*TASK DESCRIPTION*
When a line of the records below contains the string "Appartement", copy that whole line.

*DATA UNDER STUDY*
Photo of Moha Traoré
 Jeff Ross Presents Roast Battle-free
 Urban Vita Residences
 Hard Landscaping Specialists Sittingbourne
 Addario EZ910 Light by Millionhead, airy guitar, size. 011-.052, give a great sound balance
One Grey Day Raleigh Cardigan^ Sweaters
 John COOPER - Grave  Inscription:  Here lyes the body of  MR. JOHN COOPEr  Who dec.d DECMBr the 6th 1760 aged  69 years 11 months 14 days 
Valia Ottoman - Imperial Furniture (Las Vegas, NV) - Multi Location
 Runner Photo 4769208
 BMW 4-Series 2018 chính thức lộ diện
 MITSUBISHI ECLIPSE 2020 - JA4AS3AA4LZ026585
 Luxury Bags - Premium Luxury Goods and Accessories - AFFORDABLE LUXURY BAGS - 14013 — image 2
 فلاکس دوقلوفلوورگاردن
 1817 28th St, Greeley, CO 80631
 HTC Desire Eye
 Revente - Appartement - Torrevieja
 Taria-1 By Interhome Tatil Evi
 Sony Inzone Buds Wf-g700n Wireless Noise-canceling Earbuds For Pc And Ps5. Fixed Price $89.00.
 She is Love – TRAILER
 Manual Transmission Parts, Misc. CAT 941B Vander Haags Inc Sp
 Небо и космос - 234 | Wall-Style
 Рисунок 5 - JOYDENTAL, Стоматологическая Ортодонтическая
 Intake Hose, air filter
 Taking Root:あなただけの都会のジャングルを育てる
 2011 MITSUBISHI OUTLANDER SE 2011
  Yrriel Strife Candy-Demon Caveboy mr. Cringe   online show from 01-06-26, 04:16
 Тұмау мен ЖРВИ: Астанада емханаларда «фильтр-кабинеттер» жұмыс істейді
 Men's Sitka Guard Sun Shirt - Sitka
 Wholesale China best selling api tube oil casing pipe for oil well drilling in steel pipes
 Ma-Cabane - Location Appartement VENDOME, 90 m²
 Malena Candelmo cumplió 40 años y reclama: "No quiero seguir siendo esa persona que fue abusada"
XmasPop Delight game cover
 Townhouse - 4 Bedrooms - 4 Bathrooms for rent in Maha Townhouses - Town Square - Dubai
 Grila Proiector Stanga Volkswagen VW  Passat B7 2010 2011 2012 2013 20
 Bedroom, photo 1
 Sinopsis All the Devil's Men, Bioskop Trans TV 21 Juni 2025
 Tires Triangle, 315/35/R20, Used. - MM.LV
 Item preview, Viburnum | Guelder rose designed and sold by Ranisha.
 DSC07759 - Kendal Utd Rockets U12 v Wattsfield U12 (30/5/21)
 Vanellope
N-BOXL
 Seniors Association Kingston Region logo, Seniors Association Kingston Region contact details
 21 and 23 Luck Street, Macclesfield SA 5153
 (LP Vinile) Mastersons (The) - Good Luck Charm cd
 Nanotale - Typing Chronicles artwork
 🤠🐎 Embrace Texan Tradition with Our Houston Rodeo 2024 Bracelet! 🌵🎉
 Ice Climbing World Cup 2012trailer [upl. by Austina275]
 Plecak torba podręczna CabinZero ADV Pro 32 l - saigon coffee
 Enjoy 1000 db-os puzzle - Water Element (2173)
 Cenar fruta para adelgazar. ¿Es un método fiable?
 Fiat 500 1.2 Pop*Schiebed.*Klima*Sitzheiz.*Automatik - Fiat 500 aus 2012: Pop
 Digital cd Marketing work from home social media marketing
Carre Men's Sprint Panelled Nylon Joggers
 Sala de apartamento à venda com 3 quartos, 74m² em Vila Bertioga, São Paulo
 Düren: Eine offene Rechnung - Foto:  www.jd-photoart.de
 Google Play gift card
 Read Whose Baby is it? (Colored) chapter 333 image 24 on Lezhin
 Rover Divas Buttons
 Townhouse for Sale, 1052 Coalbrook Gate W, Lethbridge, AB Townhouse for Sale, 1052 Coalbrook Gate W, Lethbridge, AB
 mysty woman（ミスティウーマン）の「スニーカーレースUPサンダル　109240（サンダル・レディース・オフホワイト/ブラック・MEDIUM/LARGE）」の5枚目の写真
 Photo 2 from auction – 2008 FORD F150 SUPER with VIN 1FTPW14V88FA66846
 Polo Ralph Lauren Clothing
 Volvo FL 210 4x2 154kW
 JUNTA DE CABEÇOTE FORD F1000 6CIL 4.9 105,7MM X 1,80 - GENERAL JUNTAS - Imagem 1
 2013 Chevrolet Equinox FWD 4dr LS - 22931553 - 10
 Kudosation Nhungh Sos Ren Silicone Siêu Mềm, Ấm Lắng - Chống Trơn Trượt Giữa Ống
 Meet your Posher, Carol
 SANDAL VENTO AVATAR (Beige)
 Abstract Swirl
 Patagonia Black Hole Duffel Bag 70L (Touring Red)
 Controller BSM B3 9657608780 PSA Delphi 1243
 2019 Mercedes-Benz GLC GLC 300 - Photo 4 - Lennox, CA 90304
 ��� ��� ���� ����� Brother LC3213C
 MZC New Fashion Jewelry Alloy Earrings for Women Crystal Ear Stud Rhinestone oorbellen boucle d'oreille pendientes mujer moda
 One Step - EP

*EXERCISE RESULT*
 Revente - Appartement - Torrevieja
 Ma-Cabane - Location Appartement VENDOME, 90 m²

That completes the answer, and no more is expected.